Description of the task: Search the data below for "with"; list each line that holds it.

Stored entries:
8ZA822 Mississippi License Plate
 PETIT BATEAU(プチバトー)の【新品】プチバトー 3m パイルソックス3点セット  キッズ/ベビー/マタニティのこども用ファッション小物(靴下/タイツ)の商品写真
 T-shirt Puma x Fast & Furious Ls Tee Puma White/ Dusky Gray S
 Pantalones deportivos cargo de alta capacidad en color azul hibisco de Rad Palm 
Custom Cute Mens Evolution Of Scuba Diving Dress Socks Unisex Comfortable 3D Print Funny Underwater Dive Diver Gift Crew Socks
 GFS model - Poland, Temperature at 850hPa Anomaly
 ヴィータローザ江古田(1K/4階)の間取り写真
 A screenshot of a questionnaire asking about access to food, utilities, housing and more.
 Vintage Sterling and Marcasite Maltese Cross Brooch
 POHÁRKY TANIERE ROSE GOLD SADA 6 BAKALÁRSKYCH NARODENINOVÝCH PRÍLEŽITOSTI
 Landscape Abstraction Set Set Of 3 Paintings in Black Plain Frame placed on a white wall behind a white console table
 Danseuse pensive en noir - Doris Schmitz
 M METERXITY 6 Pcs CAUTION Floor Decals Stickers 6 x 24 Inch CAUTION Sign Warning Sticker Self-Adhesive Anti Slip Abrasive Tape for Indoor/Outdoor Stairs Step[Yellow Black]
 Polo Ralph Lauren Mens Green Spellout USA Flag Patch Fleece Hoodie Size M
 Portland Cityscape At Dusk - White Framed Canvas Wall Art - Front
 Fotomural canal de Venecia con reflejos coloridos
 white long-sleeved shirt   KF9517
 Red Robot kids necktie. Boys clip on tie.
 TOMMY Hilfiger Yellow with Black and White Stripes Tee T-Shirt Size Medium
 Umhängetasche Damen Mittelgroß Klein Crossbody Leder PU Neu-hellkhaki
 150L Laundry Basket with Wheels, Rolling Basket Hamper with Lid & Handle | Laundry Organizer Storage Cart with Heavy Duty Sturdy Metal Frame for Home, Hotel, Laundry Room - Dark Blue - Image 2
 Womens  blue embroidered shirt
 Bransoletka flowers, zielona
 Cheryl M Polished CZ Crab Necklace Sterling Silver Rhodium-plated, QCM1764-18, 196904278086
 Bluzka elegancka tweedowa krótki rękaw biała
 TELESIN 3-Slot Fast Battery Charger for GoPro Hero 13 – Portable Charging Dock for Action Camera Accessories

Answer area:
 TOMMY Hilfiger Yellow with Black and White Stripes Tee T-Shirt Size Medium
 150L Laundry Basket with Wheels, Rolling Basket Hamper with Lid & Handle | Laundry Organizer Storage Cart with Heavy Duty Sturdy Metal Frame for Home, Hotel, Laundry Room - Dark Blue - Image 2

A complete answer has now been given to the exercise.